Retirement: Is it better to jump out or fade away?
10 Apr 2018 - Simon Palmer - Seller: Timing/ Retirement

Retirement is often thought of as an event, a date on the calendar, a threshold that you cross one day into a new phase of life. Making a person’s profession or retirement an “all in or all out” proposition like this makes it a big deal. It means that people looking at retirement need to:

  • Know that they have enough money to last the rest of their (and their spouse’s) lives
  • Know how they are going to spend their time all day, every day, for the rest of their lives
  • Be comfortable with their identity, validation and relevance without their work

Without answers to these massive questions, many people feel overwhelmed at the prospect of retirement. In their minds, retirement is inflated to mean that from one day to the next they go from having a profession, a purpose, a place to go five days-a-week, and respect from their community… to starting a new life where they spend seven days-a-week with their spouse, playing bridge and shuffling around the supermarket in their tracky-daks, with nowhere to go and nothing to do.

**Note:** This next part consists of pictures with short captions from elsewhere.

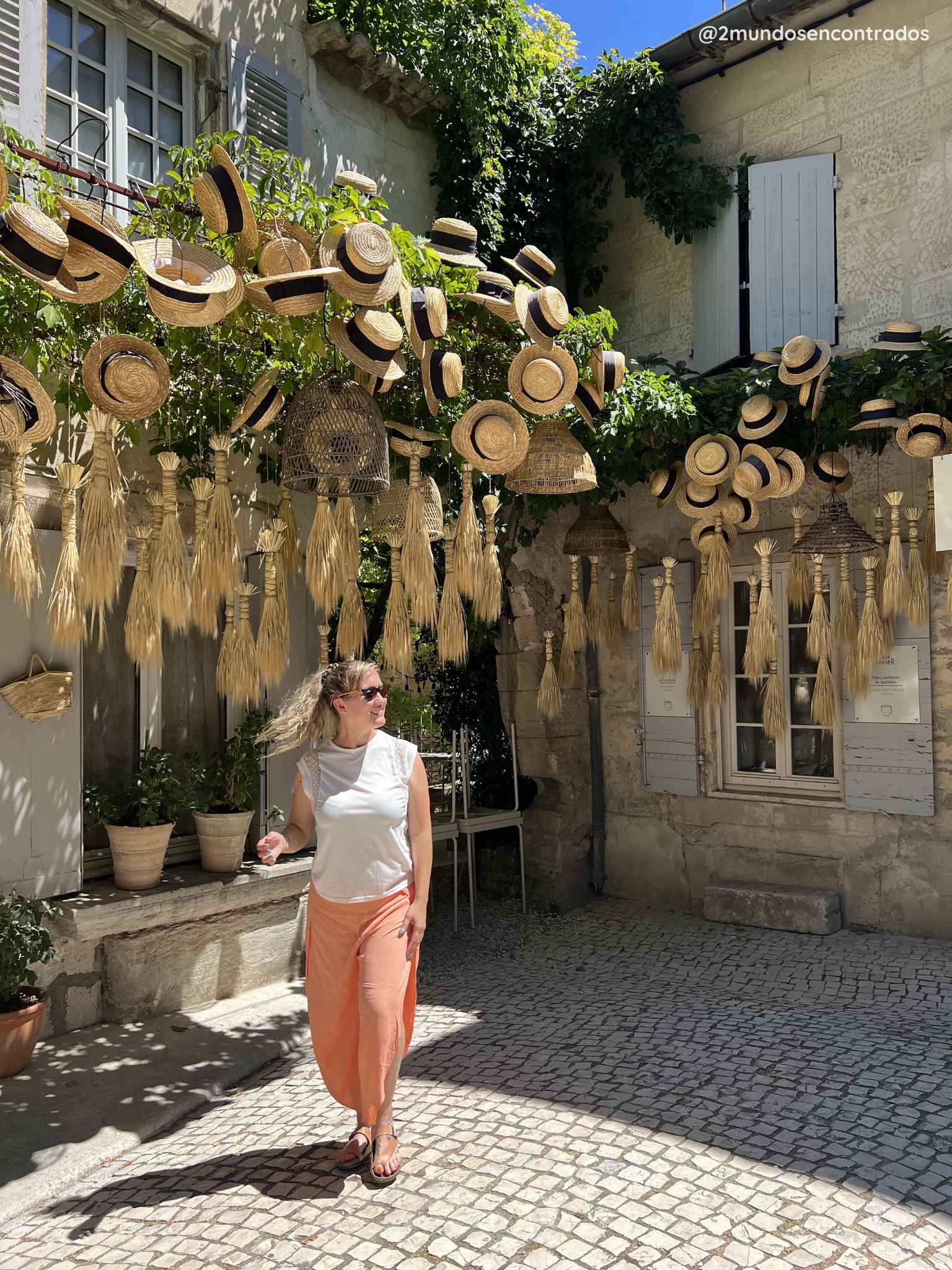Eva paseando bajo una decoración de sombreros de paja en una calle del centro histórico de Saint-Rémy-de-Provence, Francia.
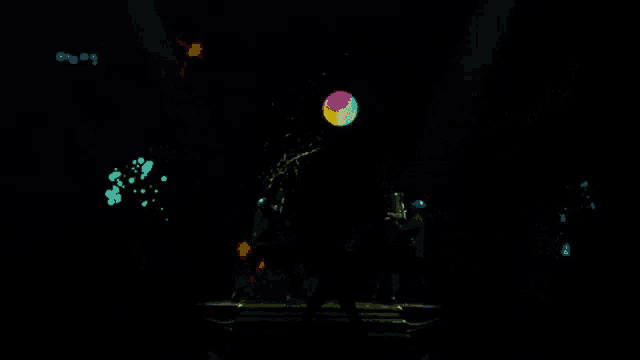 a person is standing in front of a screen with colorful paint splashes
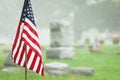 American veteran flag in foggy cemetery Royalty Free Stock Photo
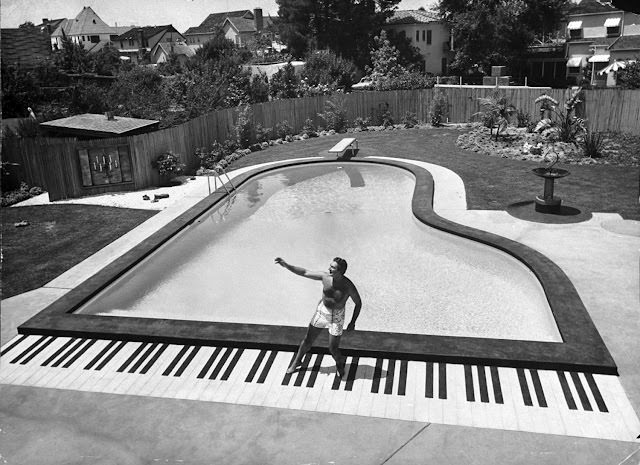 #8 Liberace playing the piano at his California home, 1954.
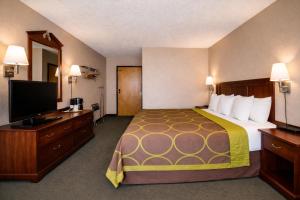 a hotel room with a bed and a flat screen tv at Super 8 by Wyndham Gallup in Gallup +26 photos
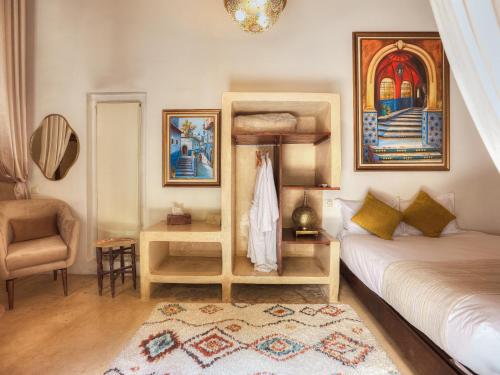 a bedroom with a bunk bed and a chair at Riad El Maâti in Rabat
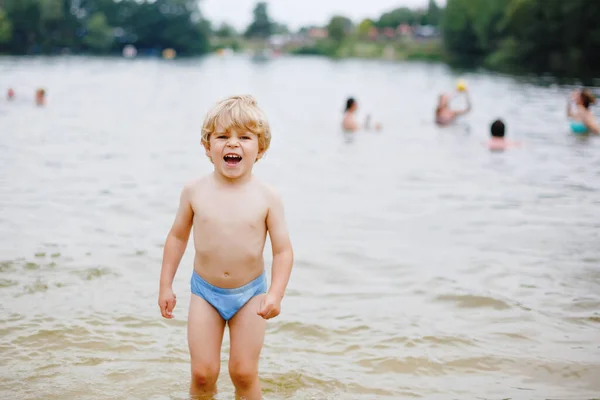 Pequeño niño rubio preescolar divirtiéndose con salpicaduras en un lago en el día de verano, al aire libre. Feliz niño aprendiendo a nadar. Ocio activo con niños de vacaciones. Peligro en lagos domésticos — Foto de Stock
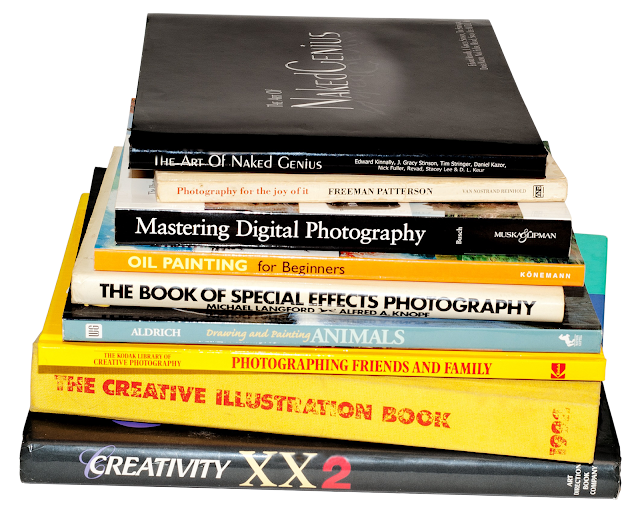 A series of hard cover art and photography books stacked.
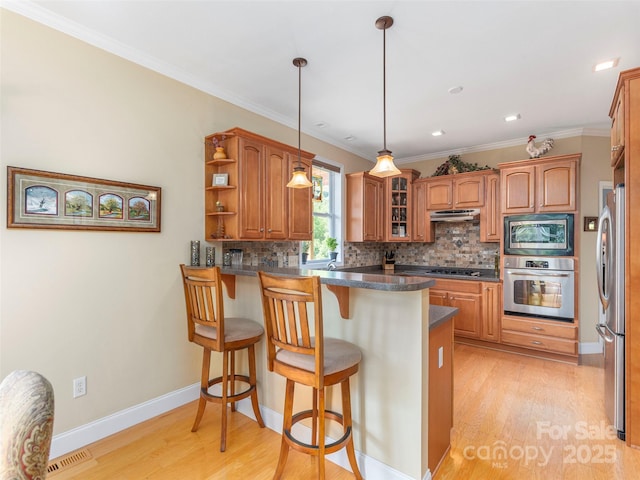 80 Feather Ln, Waynesville, NC 28786 - kitchen with appliances with stainless steel finishes, a peninsula, a kitchen bar, brown cabinetry, and backsplash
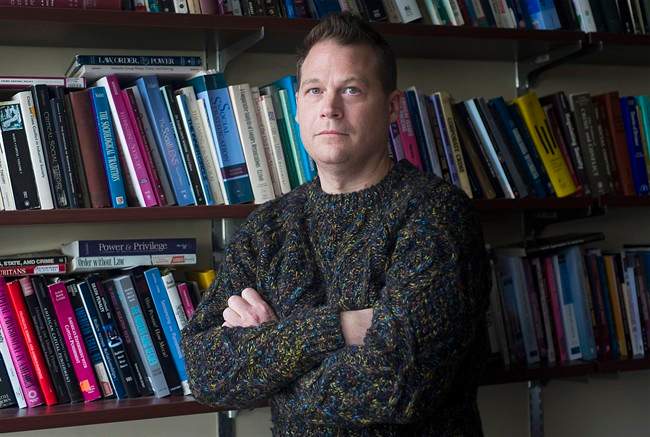 Jason Carmichael, an associate professor in the department of sociology at McGill University poses in his office in Montreal, Thursday, February 23, 2017. During the summers of 2015 and 2016 McGill University professor Jason Carmichael tried to study what factors influenced sentencing outcomes for people convicted of drunk driving, but he ran into a problem. 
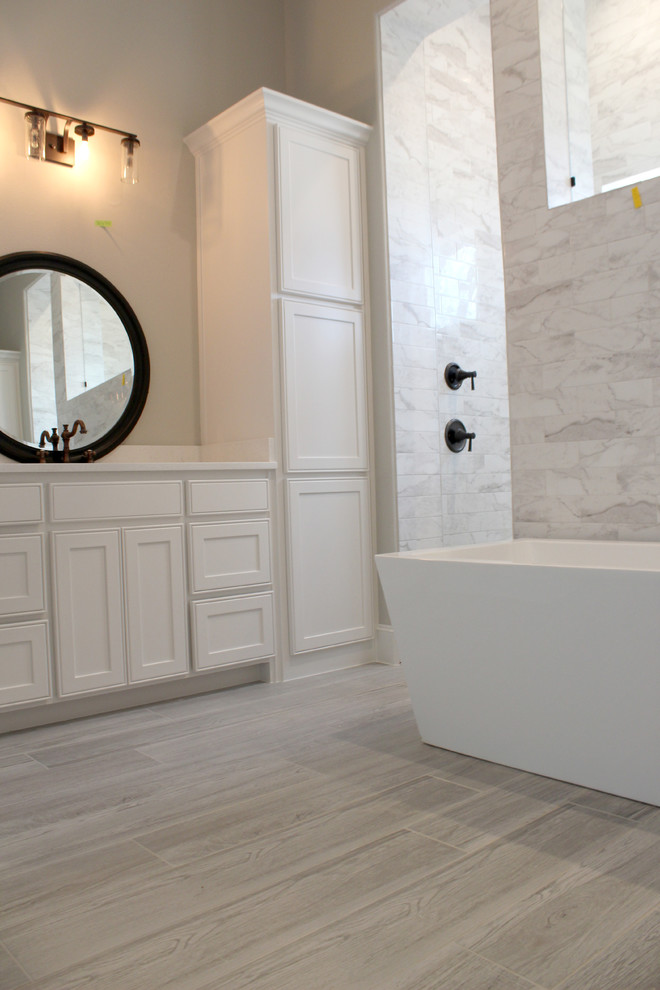 ダラスにある高級な広いトランジショナルスタイルのおしゃれなマスターバスルーム (インセット扉のキャビネット、白いキャビネット、置き型浴槽、ダブルシャワー、分離型トイレ、白いタイル、セラミックタイル、グレーの壁、磁器タイルの床、オーバーカウンターシンク、グレーの床、オープンシャワー、白い洗面カウンター) の写真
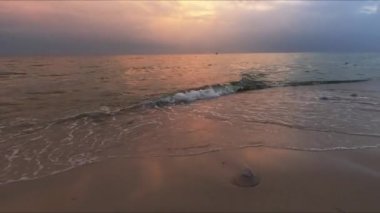 Arka planda el sallayan denizin üzerinde gün batımı gökyüzü.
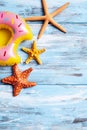 Inflatable donut and starfishes on a blue wooden surface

When you look at retirement like this, it is no wonder that many will avoid selling their practice like the plague. In its absence though, many dentist owners spend their final years of ownership doing what is known as a phased retirement or a retirement by a thousand cuts. Year after year they choose to work fewer hours, have more holidays each year, increasingly restrict themselves clinically, until they are more comfortable with retirement, because they already have one foot firmly out the door already.

Psychologically and emotionally - Dipping a toe into retirement water by way of a phased retirement like this may help the dentist owner slowly get comfortable with the idea of retirement.

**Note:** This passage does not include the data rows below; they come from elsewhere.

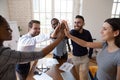 Happy businesspeople celebrating success at common business giving high five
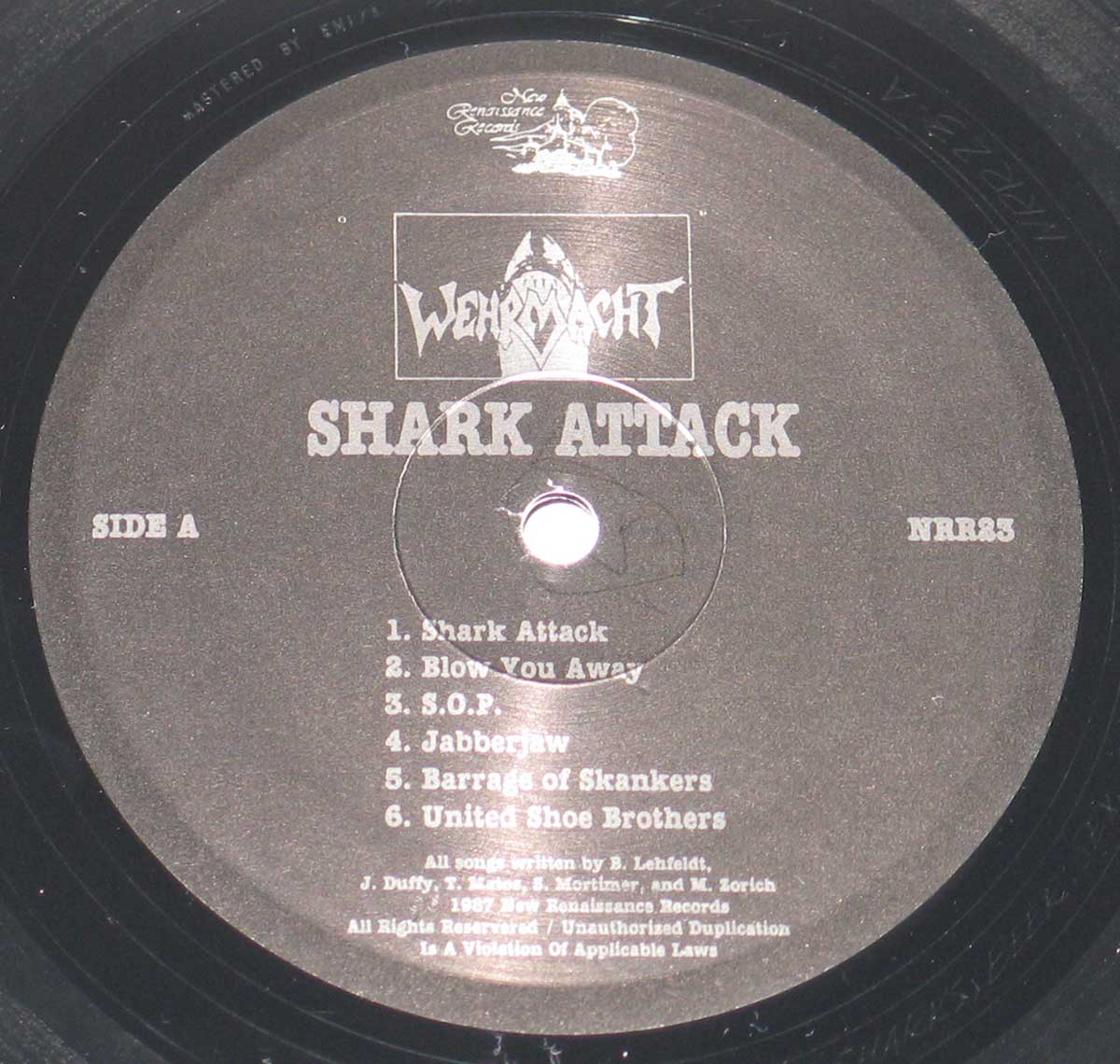 Vinyl label of Wehrmacht’s Shark Attack album Side A, featuring the band logo, shark emblem, tracklist, and New Renaissance Records branding.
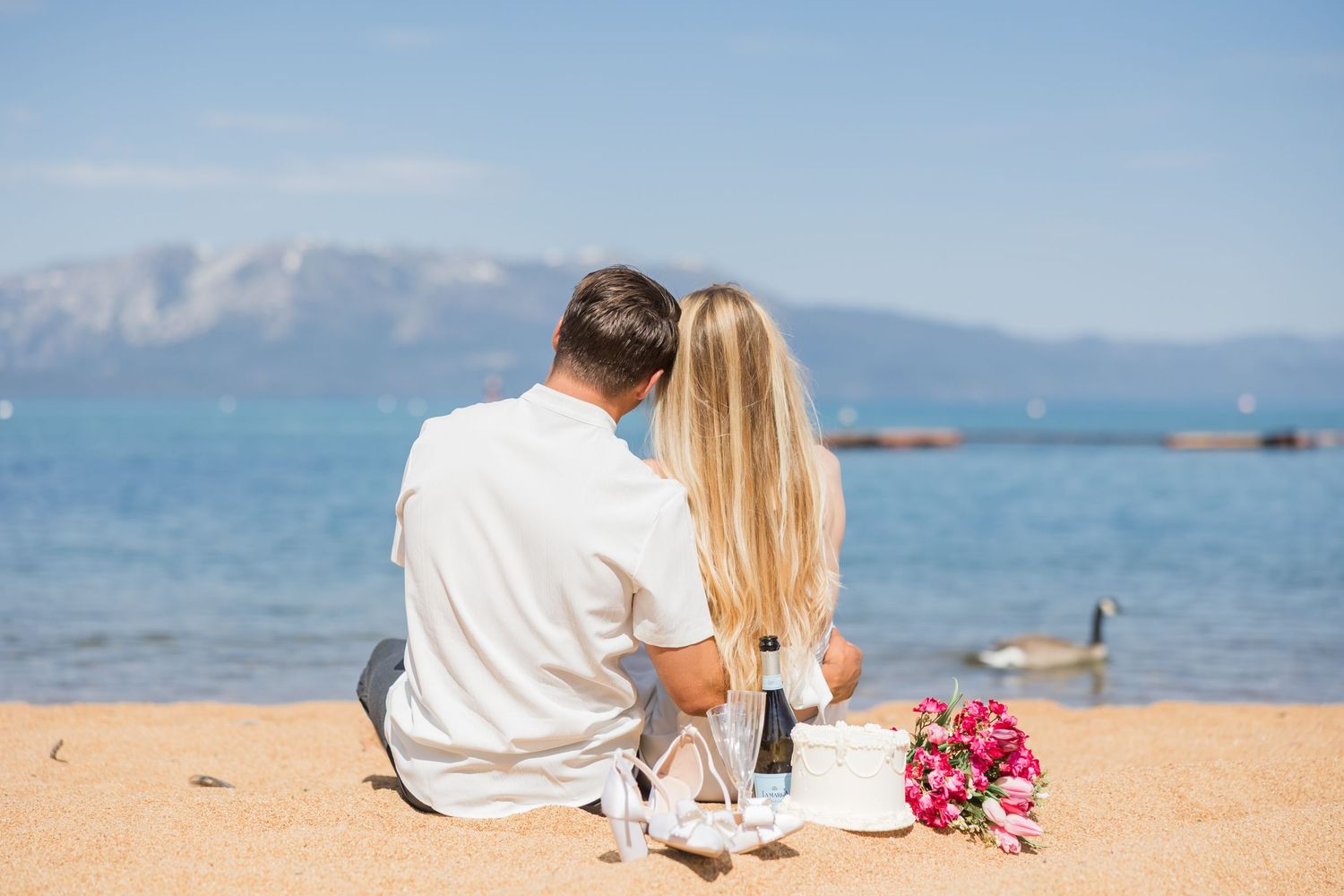 Couple celebrating on a boat with champagne, snow-capped mountains and calm blue lake in the background.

Financially - If the dentist is a practice owner at the time, a phased exit like this is usually a disaster:

  • Most dentists will realise that by restricting their work they are also cutting back on their income every year, but they feel that this is more than balanced out by their lower golf handicap and the enhanced lifestyle they are getting in their time off.
  • What most dentists won’t realise is that in addition to their lower income, they are also often rapidly depreciating one of their most significant assets - their practice. A practice that is being worked fewer hours per week, fewer weeks per year, can’t help but suffer for the absence/abdication of the clinician/owner. By the time the practice owner gets to retirement, their practice is usually producing far less than it was, is far less profitable than it was, and the price achievable is often extremely compromised.

Is there a way to get the best of both worlds?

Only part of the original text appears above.